Tuesday, August 4, 2009
The President who was not a politician
You heard me right. She was our first woman President but she was never a politician. The late former President Corazon Aquino was the only Philippine President I know whose name wasn't tainted with playing politics. She was always known to play fair. Like a mother to the country, she was firm but loving.
People from all walks of life who knew her and/or worked with her - former political aides, household helpers, church goers, government workers, religious and business leaders, friends, family - all shared their memories of the late President in a very emotional necrological service yesterday at the Manila Cathedral.
I never thought that I could be moved into tears while listening to each eulogy. Her security aide/driver said Cory treated him like he's part of the family. She even cooked for him when the household helpers weren't home. Philippine Inquirer Columnist Conrado de Quiros, who was once a staunch critic of Cory, gave his testimony of Cory's kindness despite his past negative writeups about her. Mrs. Gina de Venecia said Cory was there when the de Venecias lost their youngest daughter to a fire that gutted down their house. Cory was also there when her husband, Joe de Venecia lost his bid to presidency. When all their friends abandoned them, there was Cory.

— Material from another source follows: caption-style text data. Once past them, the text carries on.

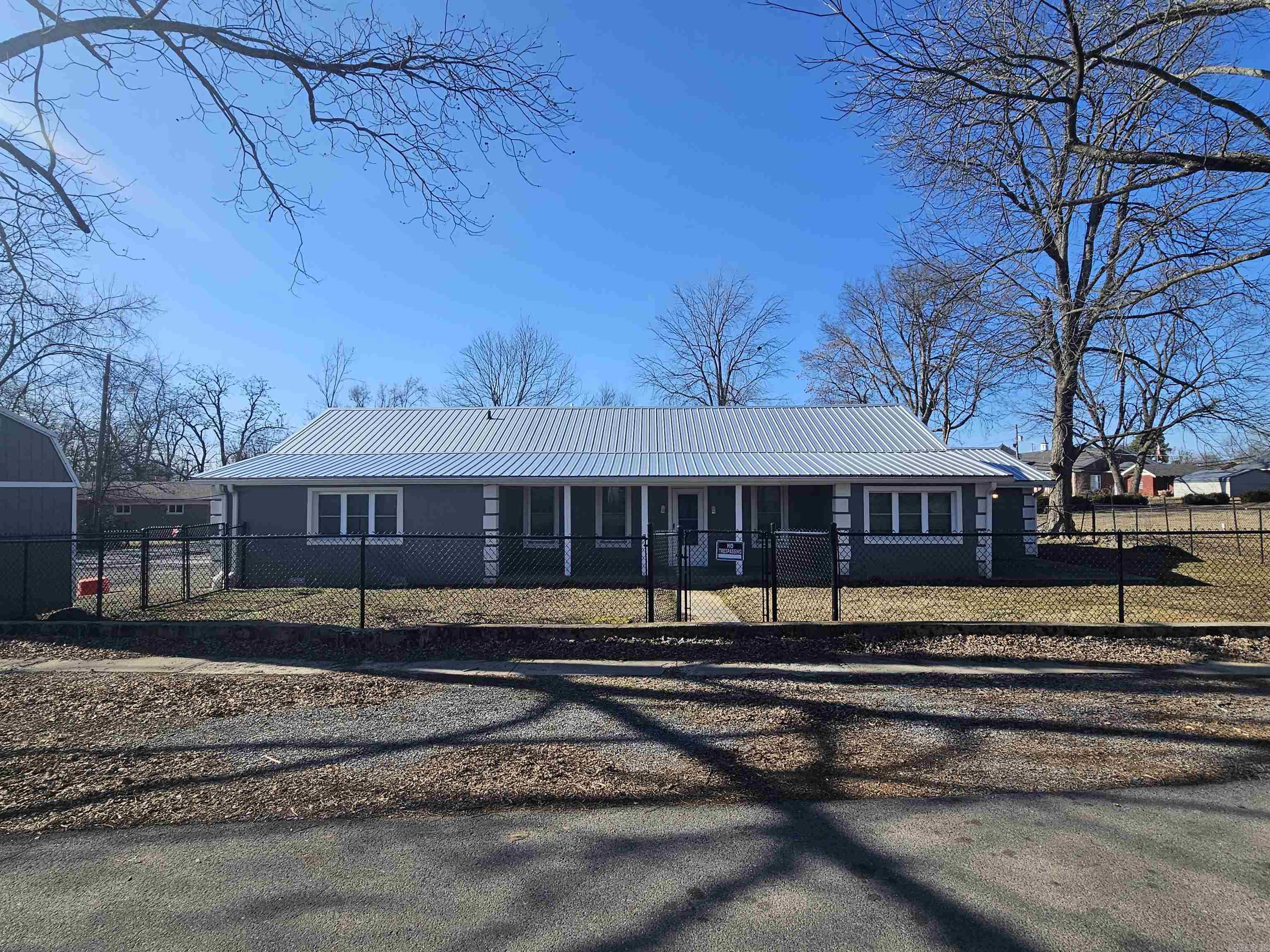 Move-in ready & full of charm! This bright, happy 4BR/2BA home in Marshall, AR, sits in a quiet neighborhood just a short walk to the library & elementary school. Enjoy a new metal roof, new laminate flooring, PEX plumbing, new wiring, new furnace, & hot water heater. The spacious layout includes space for a gas cook stove, breakfast nook, large dining room, gas fireplace, textured walls, & surround sound throughout. Stucco exterior, fenced yard, & large front porch add to the appeal. Just minutes from the Buffalo National River, this home is perfect for comfortable living or a nightly rental!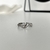 Anillo curveado plateado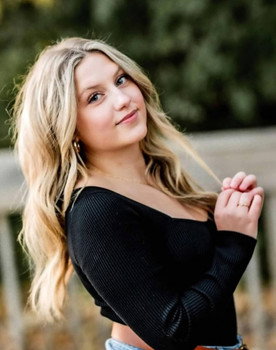 Mia Goodson as Brooks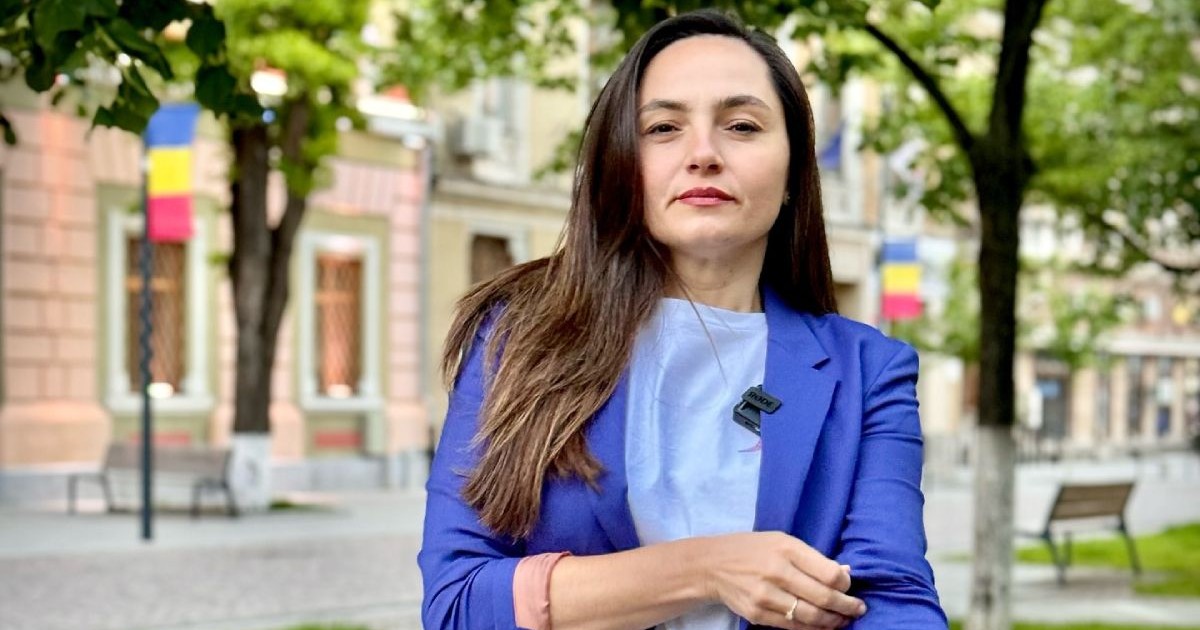 Anamaria Gavrilă, președinta POT, în fața unei clădiri de culoare maro, cu copaci pe fundal, îmbrăcată cu o bluză bleumarin și un sacou albastru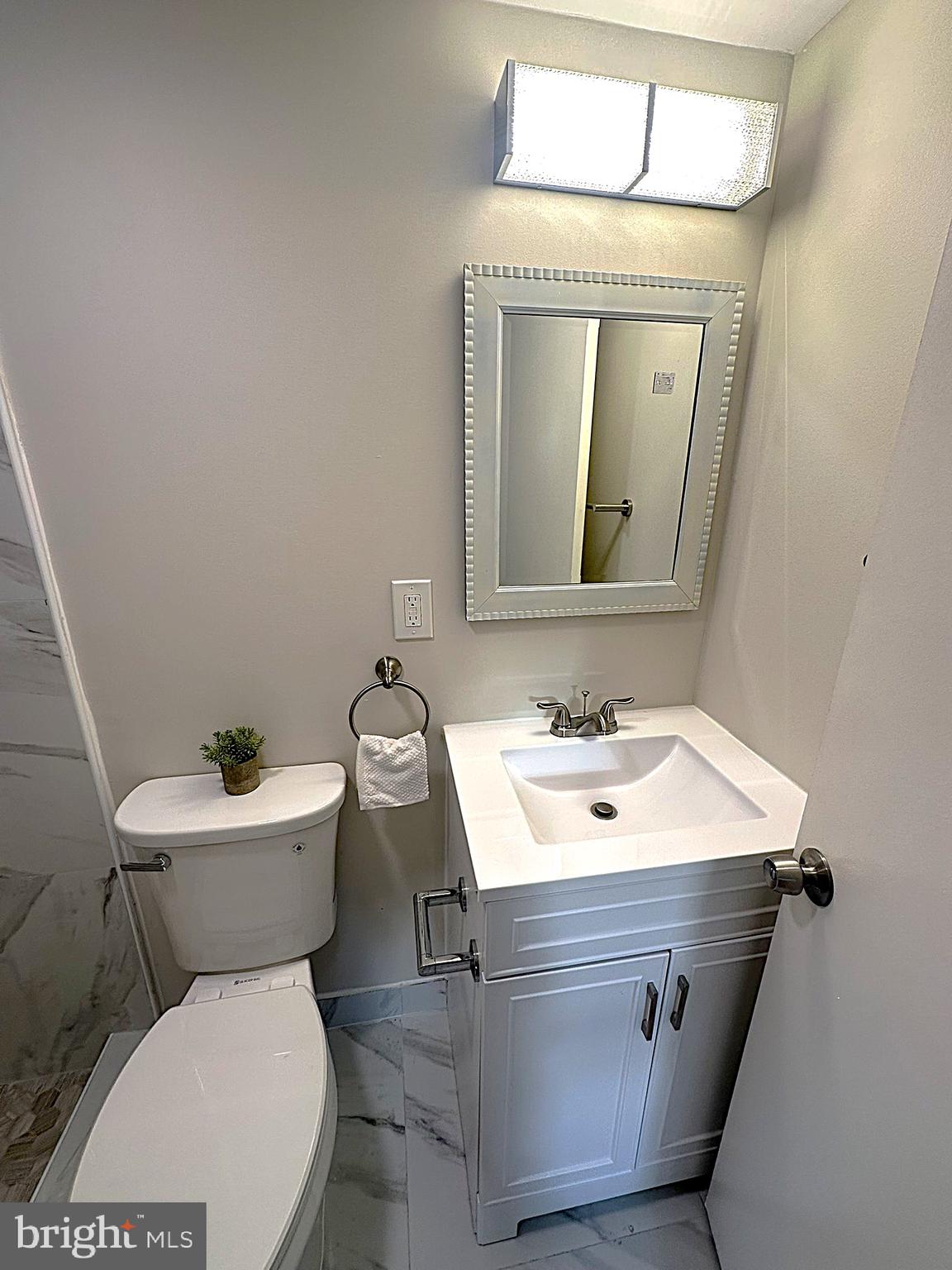 4121 Villa Nova Road Baltimore, MD 21207 - Photo 39 of 57 a bathroom with a toilet sink vanity and mirror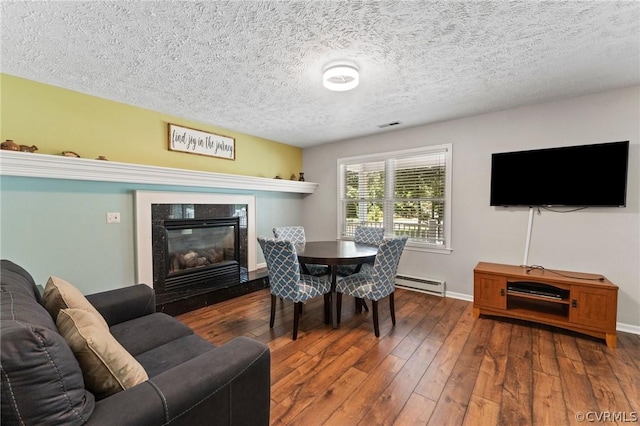 dining space featuring a baseboard heating unit, a textured ceiling, and dark hardwood / wood-style flooring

Dra. Sansan Hortaleza said Cory was there to pray with her when she was hospitalized for a heart ailment. Until now, she said, she prays the rosary everyday due to Cory's influence. Cory's physician said when he diagnosed the late President of colon cancer, he asked "Why Lord?" but Cory took it more peacefully and said she has lived a full life. She even managed to write a poem thanking God for being beside her when she was in pain. Congressman Teddy Locsin Jr., who was once Cory's scriptwriter, said he didn't notice that Cory has reformed him, erased his anger and extinguished his need to get even for the injustices given him in the past.
All those who gave their eulogy yesterday had one unspoken common message: that Cory was an angel sent to them. She was always there when the rest of their friends have turned their backs on them. She was their light during their darkest moments. Having known injustice and sorrow many times over, Cory perhaps didn't want her friends and family to experience the same as she did when Ninoy was taken from her and her family during Martial Law.

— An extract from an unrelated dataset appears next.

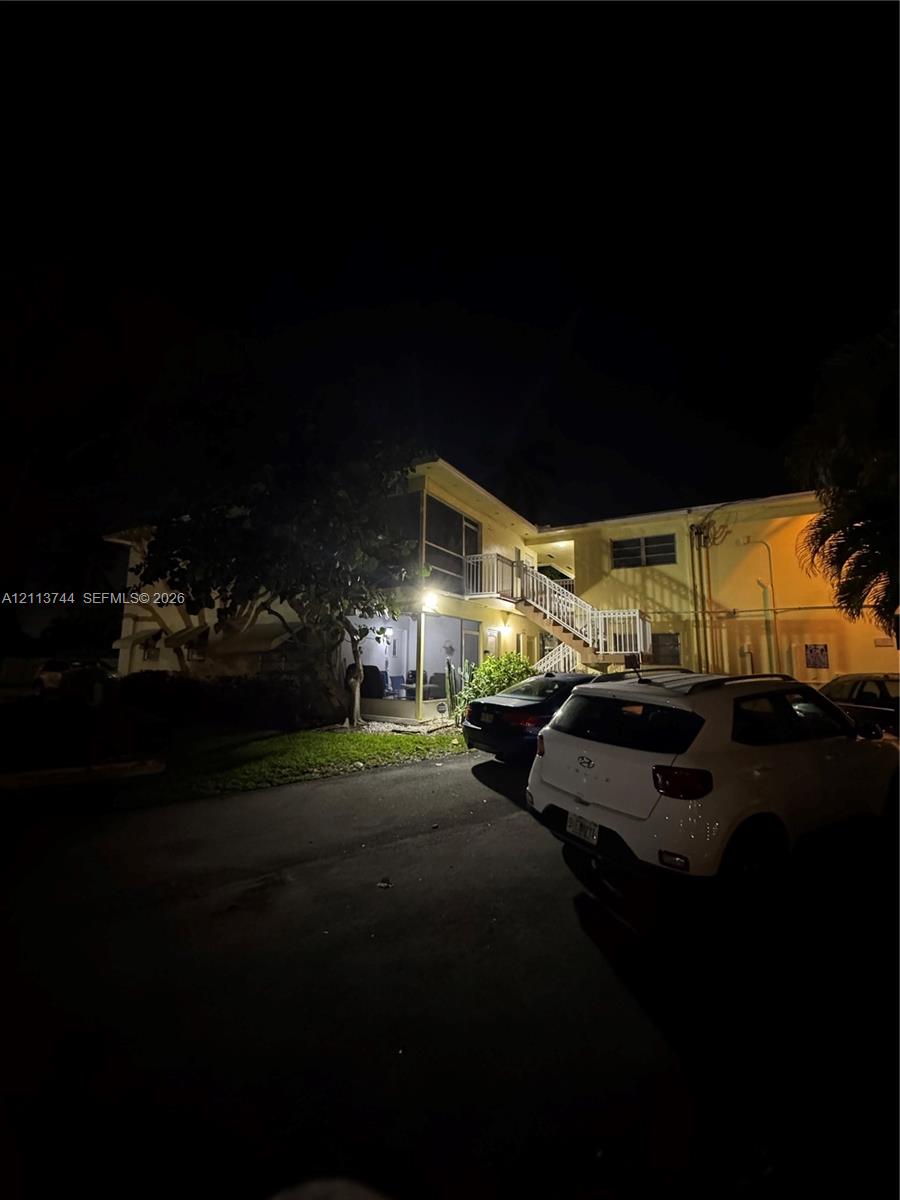 Multi-story exterior featuring a screened-in lanai, metal railings, and staircase access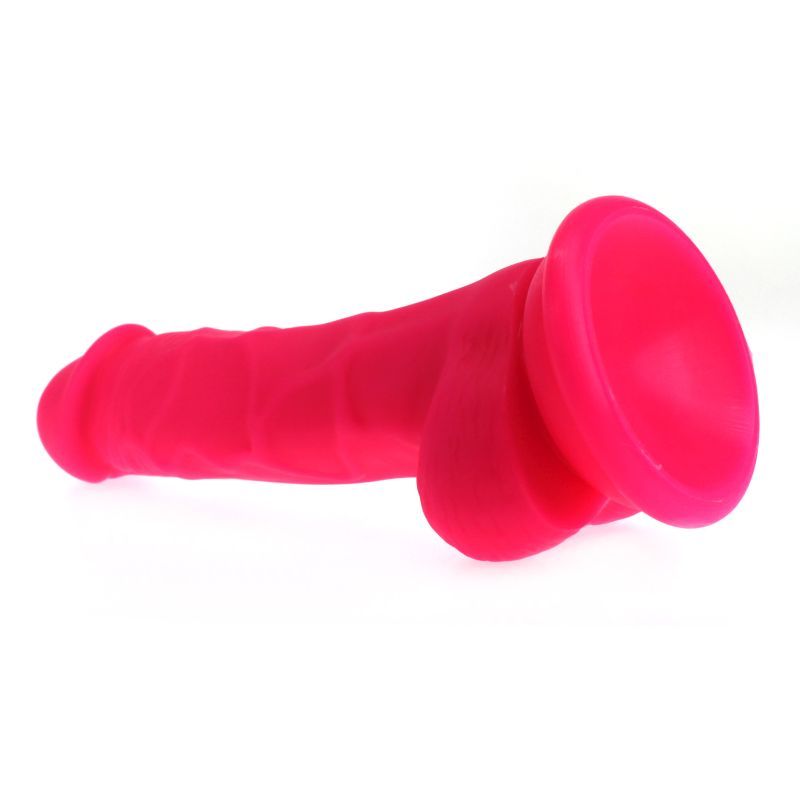Large Penis shaped dildo with balls and veined shaft on a suction base in pink colour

Kris, Cory's youngest daughter, earlier in an interview with Jessica Sojo talked about her final moments with her mom. She said even in her death bed, her mom was concerned about her household helpers and that she wanted her son Noynoy to absorb them when she dies. She also told Kris to give the car to the driver.
What gave me goosebumps was when Kris said she saw her highly spiritual mom so radiant in her hospital bed even if the room was dark, with only one reading lamp lit. Kris said it could have been what they call "embraced by the light." It got me thinking, would I be embraced by the light too when it's my time? Would I die a happy death too, just like Cory did? Would I be worthy for heaven?

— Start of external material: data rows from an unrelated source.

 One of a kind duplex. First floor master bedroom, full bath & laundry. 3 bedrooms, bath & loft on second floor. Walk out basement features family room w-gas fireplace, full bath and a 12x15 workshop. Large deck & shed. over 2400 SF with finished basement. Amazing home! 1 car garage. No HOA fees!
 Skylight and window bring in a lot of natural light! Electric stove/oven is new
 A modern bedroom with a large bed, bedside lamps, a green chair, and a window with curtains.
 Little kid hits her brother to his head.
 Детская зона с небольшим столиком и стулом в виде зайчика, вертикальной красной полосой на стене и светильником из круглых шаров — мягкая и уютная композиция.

Spirituality, faith in God, love for others and for country, purity of soul, morality in governance. These are just few of the moral examples imparted by the late Tita Cory to us Filipinos.
Not even the drastic weather changes and the long queue discouraged the ordinary people in the streets to pay last respects to the late President in the Manila Cathedral yesterday. Most of them hadn't eaten for hours but they patiently waited in line. Some of them even came from far provinces. And despite the huge traffic yesterday, commuters and drivers didn't complain. Random interviews showed that ordinary Filipinos were one in mourning Cory's passing. Political foes met with each other in the Manila Cathedral to pay their last respects. Even the Marcoses and the Estradas, whose families Cory ousted from power through People Power 1 and 2, went to pay their last respects for Cory.
It's true what they say: Pres. Cory has a way of uniting people for the good of the country...even in her death.